Near Infrared (NIR) Spectroscopy to Predict Physical Properties of Acacia mangium at Three Different Age Classes
Author(s) -
Lina Karlinasari,
Merry Sabed
Publication year - 2017
Publication title -
wood research journal
Language(s) - English
Resource type - Journals
ISSN - 2774-9320
DOI - 10.51850/wrj.2013.4.1.7-12
Subject(s) - calibration , acacia mangium , near infrared spectroscopy , partial least squares regression , materials science , water content , environmental science , correlation coefficient , moisture , solid wood , coefficient of determination , analytical chemistry (journal) , mathematics , chemistry , composite material , statistics , environmental chemistry , geology , optics , physics , biochemistry , geotechnical engineering , layer (electronics)

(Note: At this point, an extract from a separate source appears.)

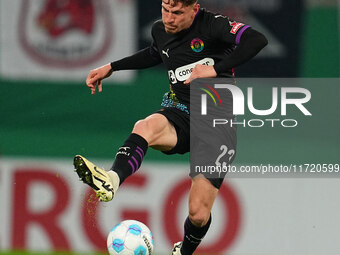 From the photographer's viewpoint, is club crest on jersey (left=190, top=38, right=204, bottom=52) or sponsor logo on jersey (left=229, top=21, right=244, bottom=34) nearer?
sponsor logo on jersey (left=229, top=21, right=244, bottom=34)

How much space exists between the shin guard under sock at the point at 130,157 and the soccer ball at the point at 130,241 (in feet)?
2.61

Near Infrared (NIR) spectroscopy has been used to predict several properties of wood. This is one of the nondestructive testing (NDT) methods providing fast and reliable wood characterization analysis which can be applied in various manufacture industry, included forest sector, in control and process monitoring task. Moisture content and wood density are important properties related to strength properties. The aim of this study was to evaluate NIR technique in obtaining calibration models for determining moisture content and wood density of Acacia mangium in the age of 5, 6, 7 years-old. Spectra were measured in both solid and ground wood samples. Laboratory testing of physical properties were determined by volumetric and gravimetric methods. The laboratory values were correlated with the NIR spectra using multivariate analysis statistic of Partial Least Square (PLS). The calibration-validation model of this relationship was evaluated by using the coefficient of determination (R2), root means square error of calibration (RMSEC) and cross-validation (RMSECV) values. Generally, a better accuracy was obtained by using calibration model of ground wood compared to that of solid wood samples. At age of 7 years-old, the R2 allowed the use of NIR spectra of solid samples to develop calibration and validation model, especially for wood density. Based on ratio of performance to deviation (RPD) and RMSE, ground samples demonstrated a higher value of RPD, RMSEC, and RMSECV compared to solid wood for all properties.